Hayat adil değildi. Belki de adil olması beklenemezdi. Zaten var olma amacımız da tam olarak bir sınav değil miydi? Elbette ki yarışacak, mücadele edecek ve kazanan olmayı umacaktık. Bu sınav koşullarında bazılarımız ayakta kalabilirken, bazılarımız tükenebiliyordu. Aynı toprağa ektiğimiz tohumların "aynı" olmaması gibi bazıları filizlenip açarken, bazıları çürüyüp yok olabiliyordu. Hayat denmişti işte adına. Doğacak, nefes alacak, yaşayacak ve ölecektik. Sadece şartlarımız farklı olacaktı bazılarıyla. Sonlarımız ise aynı. Belki de tek adil olunan noktaydı bu. Hepimizin yaşayacağı o kusursuz son. Kim bilir, belki de o bir son değil başlangıçtı.
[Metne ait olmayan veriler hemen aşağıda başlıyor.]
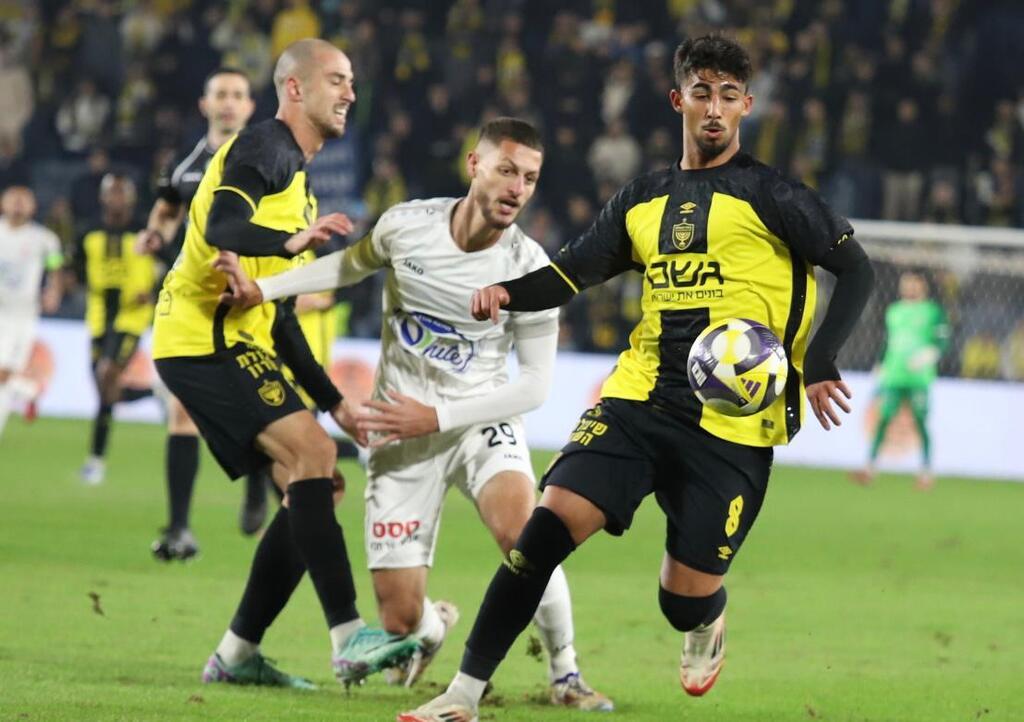 مباراة سخنين وبيتار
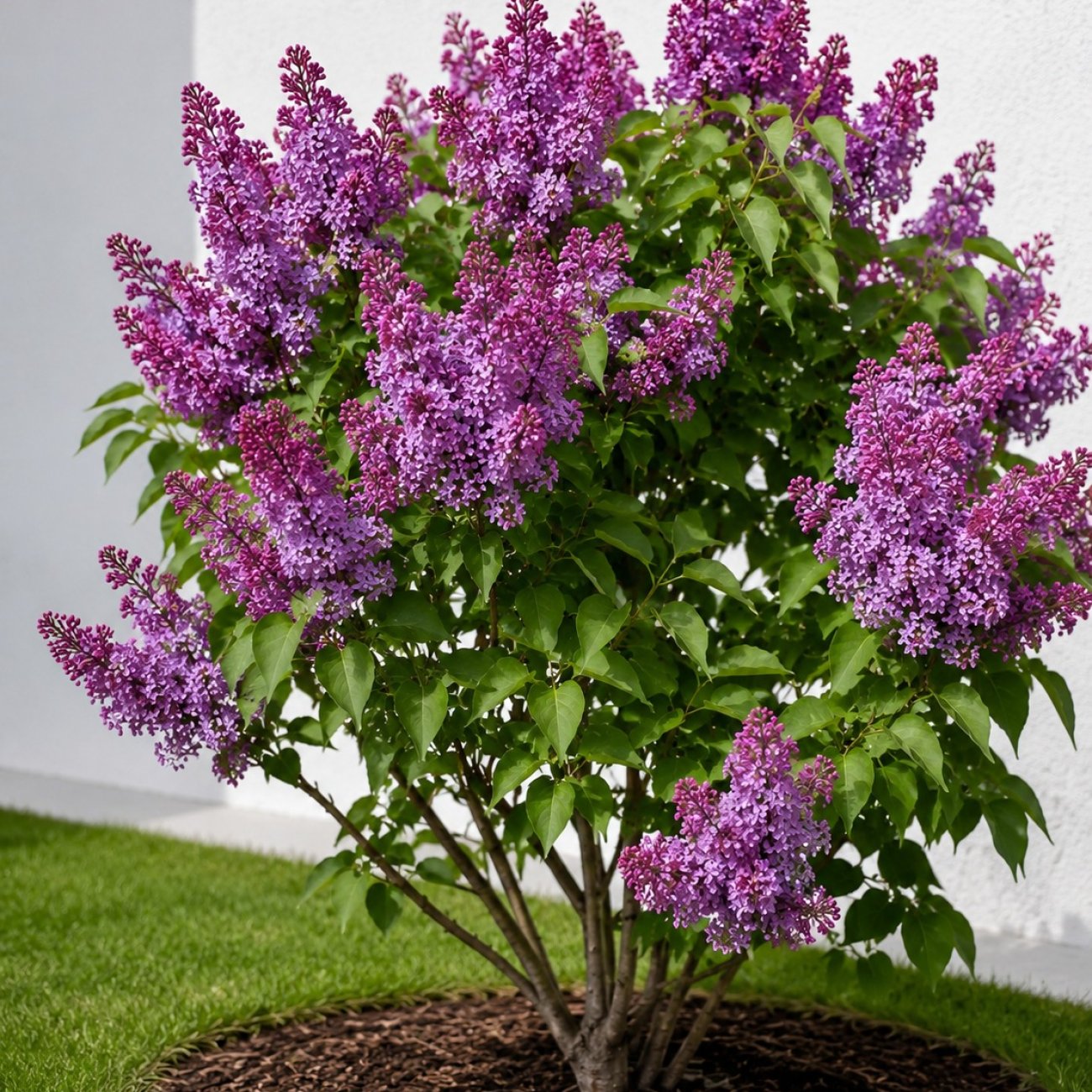 Obrázok Orgován obyčajný (Syringa vulgaris) ‘PRINCESSE STURDZA’ - výška 40-50 cm, kont. C2L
Bazen hayattaki koşuşturmacamıza ara vermek ister beynimiz. Tüm dertleri ardında bırakıp kaçmak ister insan. Bazen bir mola gerekir o hiç susmayan iç sese. Getirdiği yorgunluk yetmiyor gibi bir de başımıza "daha çok sorgulama" derdi açar. Nasıl üstesinden geleceğini bilmediğimiz sorunlar ve sorularla muhatap kalırız. Bazen de hiçbir şey olmamışçasına ve yarınlar yokmuş gibi hayaller kurarız. Dert her zaman çözüm gerektirmez pek tabii. Var olmalıdır insan hayatında ki hep bir mücadelemiz ve amacımız olsun. Yıllandıkça güzelleşen şarap gibi derdiyle yaşadıkça güzelleşir insanoğlu da. Olgunlaşır, öğrenir, deneyimler ve sonuçlar elde eder. Kötü her zaman kötü değildir. Kötü olandan çıkardığımız ders bizi bir seviye ileri taşır. Bir "kötü" belki de birçok "iyi" kazanmayı sağlar. Tıpkı ağlamayı yaşamadan gülmenin tadını, üzülmeden mutluluğun değerini anlayamayacağımız gibi. Bir kez ağladıysak ondan sonraki gülüşlerimiz bir anda çok değer kazanır gözümüzde. Bir üzüntüden sonra gelen mutluluk, hâlihazırda elimizde olan mutluluktan çok daha kıymetli bir olguya döner bir anda. İşte kaçtığımız o dertlerimiz belki de daha kıymetli hale gelen bir "iyinin" habercisidir hayatımızda. Çünkü bir bebek dünyaya sancısız gelmez!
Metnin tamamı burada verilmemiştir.